◆ YOUR GOAL ◆
Print the records below exactly, from the line containing "りあるシリーズ2#ペンギン【毒舌煽りMAX】（個別スタンプ：29）" down to the line containing "河南濮阳环保局回复网友污水直排举报：城市河道是个纳污河", both lines included, and omit every picture.

◆ DATA UNDER STUDY ◆
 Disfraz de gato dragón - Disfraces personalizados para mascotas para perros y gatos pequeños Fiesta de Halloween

==

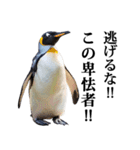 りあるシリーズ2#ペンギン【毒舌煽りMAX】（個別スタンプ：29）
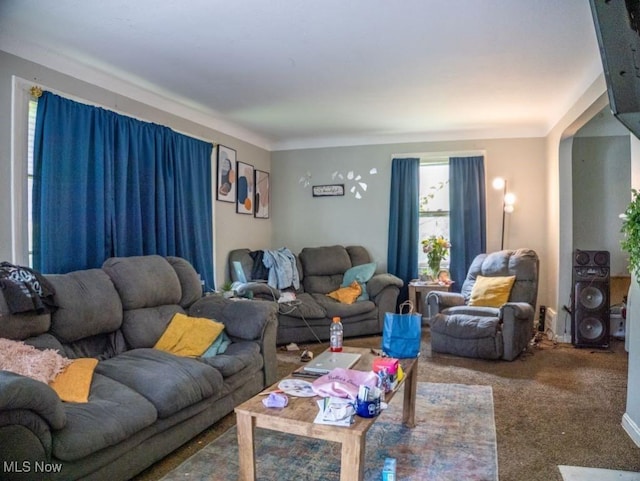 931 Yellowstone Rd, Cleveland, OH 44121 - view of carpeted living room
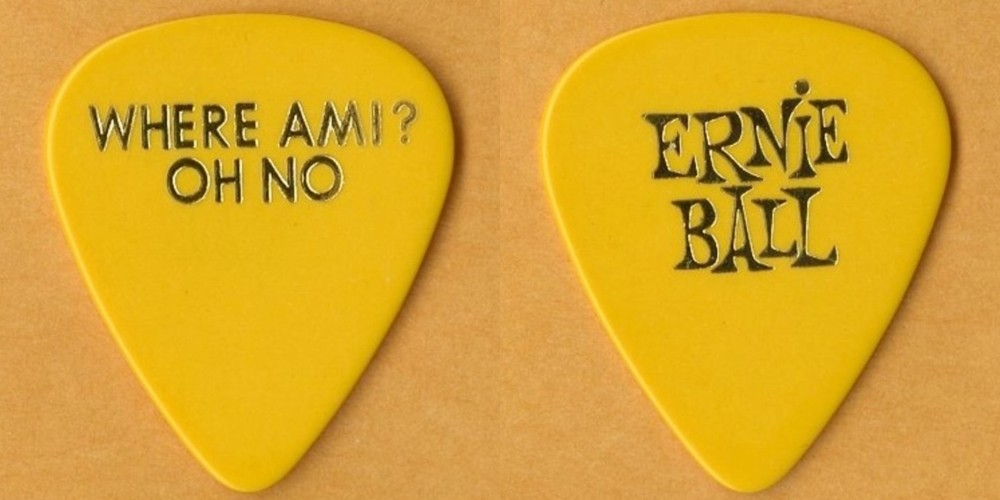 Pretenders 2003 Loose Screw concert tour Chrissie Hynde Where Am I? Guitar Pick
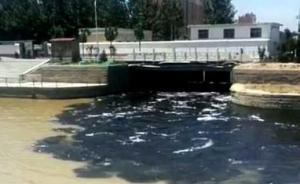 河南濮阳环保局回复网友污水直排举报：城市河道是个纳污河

◆ OUTPUT OF THE TASK ◆
 りあるシリーズ2#ペンギン【毒舌煽りMAX】（個別スタンプ：29）
 931 Yellowstone Rd, Cleveland, OH 44121 - view of carpeted living room
 Pretenders 2003 Loose Screw concert tour Chrissie Hynde Where Am I? Guitar Pick
 河南濮阳环保局回复网友污水直排举报：城市河道是个纳污河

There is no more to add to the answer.